I stole my title line off of a postcard on the Postsecret blog. If that's not a secret that every single person shares, then I don't know what is. Even if you're one of those people who has had their life planned out since the second grade, I guarantee that you still have no idea where you're going. You may think that you do. You may be completely certain of your direction and destination, mapping your route with the most efficient way to get from point A to point B, but I can tell you now that in an instant, your entire path can change. The scenic views you thought you’d come across look completely different than you expected. The climate is the polar opposite of whatever it is you packed for. The horizon somehow seems both closer and further than you wanted it to be. You stand in the middle of nowhere, utterly lost and utterly unprepared.

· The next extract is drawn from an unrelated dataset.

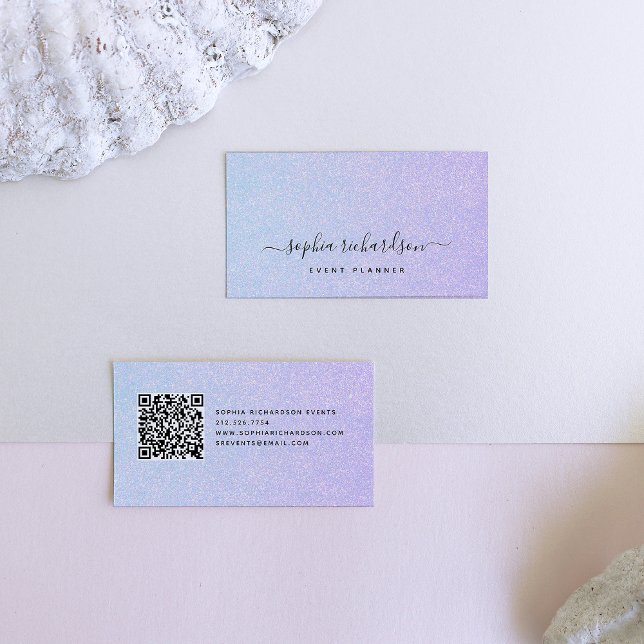 Tarjeta De Visita Elegante Pastel Dreamy con código QR (This trendy, pastel glitter look business card features a QR code on the back)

But that’s the beauty of it. That’s what makes life the grand adventure that it is. I think I spend far too much of my time worrying that I’m the only one who hasn’t got it all figured out. I worry that while everyone around me moves forward, I’m lost in the darkness, wandering around in the same few circles over and over again. I worry that I’ll never find my way out, but maybe I’m concentrating too hard on trying to escape. It shouldn’t be an escape. The truth is, being lost is somehow freeing when there isn’t a set destination to be reached. Maybe you can only get to my destination by going in circles, by wandering around lost for a while. If that’s the case, well then, I’m right on track.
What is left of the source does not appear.